The Villain Page 5
It was, Malloy discovered, surprisingly easy. As the local intel analyst on the case, his password gave him total access to the need-to-know data base. The cranked up investigation was now running on Holmes, the acronym for the Home Office (Large) Major Enquiry System, which churned out the actions and crunched all the input into something the SIO could get his head around. As any old time detective would bemoan, before computers came along, it was vital to get a job by the scruff of its neck within the first forty-eight hours or drown under an avalanche of paper, as the card index grew like Topsy. It took the debacle of the Yorkshire Ripper to concentrate the minds and come up with something that doyen of Baker Street would have described as elementary.
When he was confident he was unobserved by the incident room support team, Metal Mike pulled up the alibi statements on his terminal, slipped the key into the USB port and in the blink of an eye downloaded the file and exited the system before the gaggle of in-putters could spot an interloper and start asking awkward questions.
The following day he was back at his brother-in-law’s yard sitting across the desk, gnawing his knuckles anxiously as Donnelly read through the statements on his lap top, hoping for a change of expression which would indicate a ray of hope. He had slept badly the night before, plagued by nightmares of vultures circling as he staggered, exhausted, across an endless desert. Donnelly read in silence, absorbing the stilted prose, taking particular interest in the details of the alibi which he re-read several times.
“These people.” He broke the deep silence finally, “they’ve got damned good memories.”

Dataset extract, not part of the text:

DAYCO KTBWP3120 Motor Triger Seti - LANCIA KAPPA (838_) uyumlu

“Unshakable,” the detective replied gloomily, “All day poker at the Showdown, he couldn’t have planned it better if he wanted to. They all tell the same story and if you’re thinking collusion, forget it, they’ve been checked out.”
Donnelly smiled. “But that means if one cracks, they all go out the window?”

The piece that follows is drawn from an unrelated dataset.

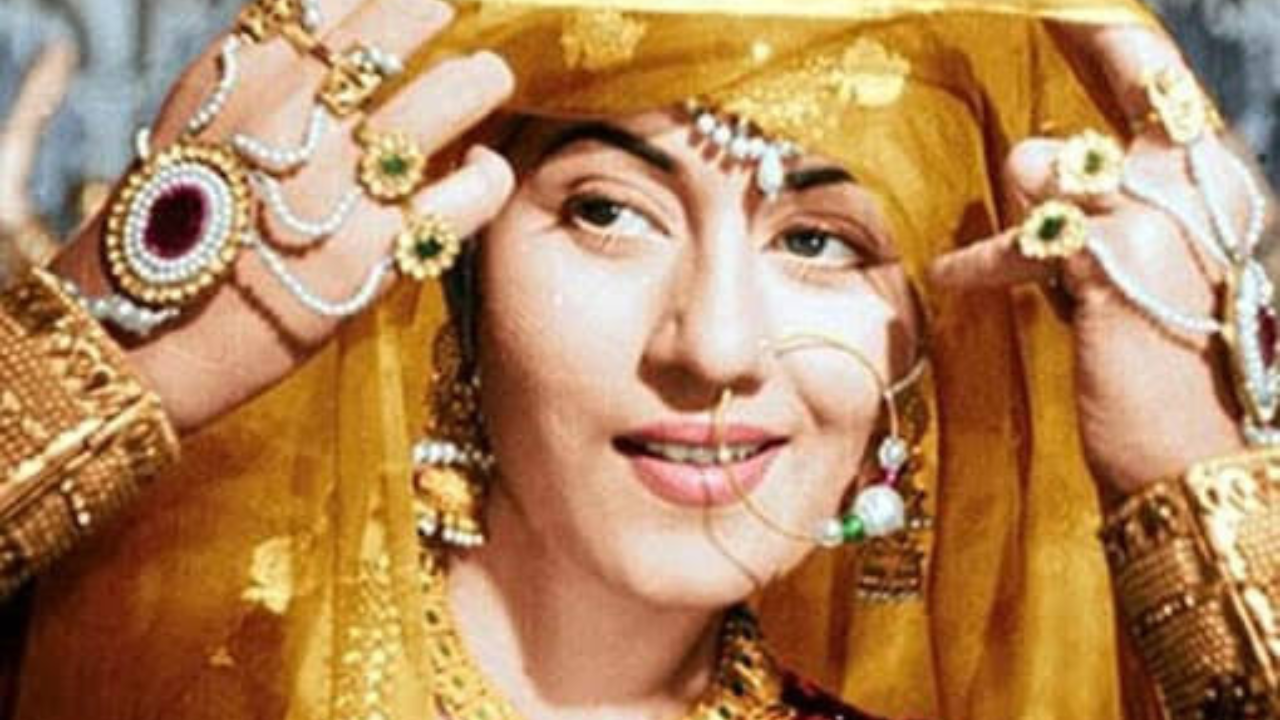 Madhubala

“They won’t,” Malloy replied, “There’s enough witnesses there to sink a battleship, people at the tables, people at the bar, statements all tally and the CCTV is time coded. That’s the best alibi I ever saw, it’s fireproof.”
“This one,” Donnelly said, alighting on one of the names, “Oliver Bodkin, what d’you know about him?”

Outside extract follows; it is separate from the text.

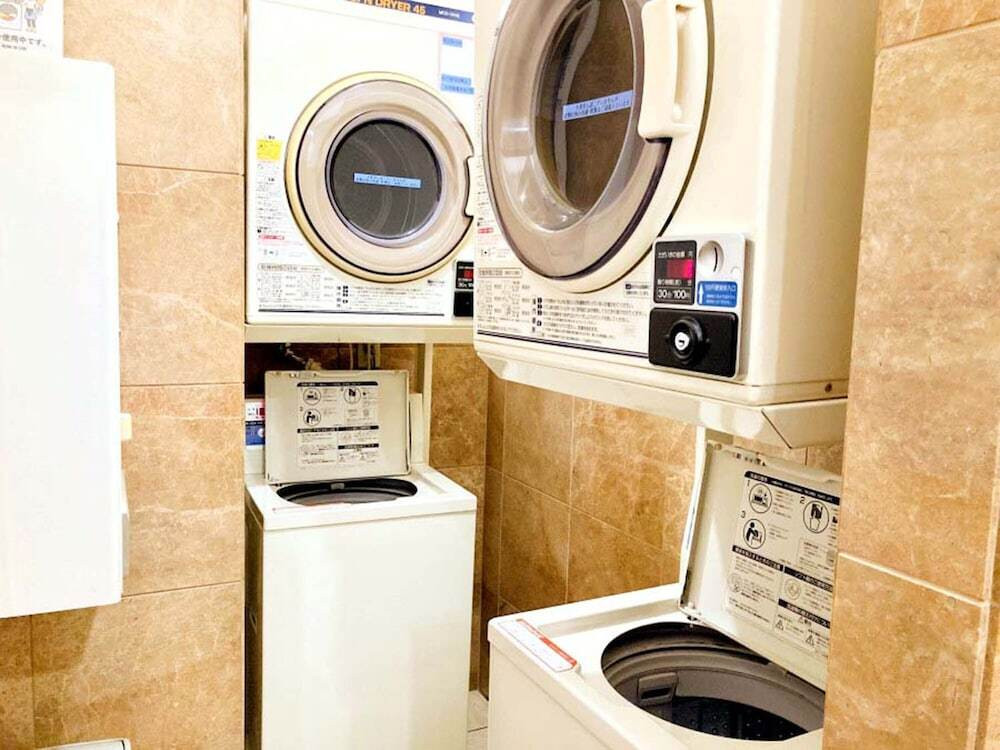 ランドリー ルーム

Metal Mike frowned, dredging his memory. “He’s the garage owner with the Bentley, big wheel at the golf club, likes to play a little daytime poker with his cronies.”
“Didn’t know Rikeman from Adam either,” Donnelly mused.
“That’s right,” Malloy agreed, “how’d he put it? Oh yeah – just helping out like the Good Samaritan and doing his public duty assisting the police, that’s what he said.”
Donnelly’s smile widenened. “Nice touch,” he said and to himself the chess master murmured checkmate.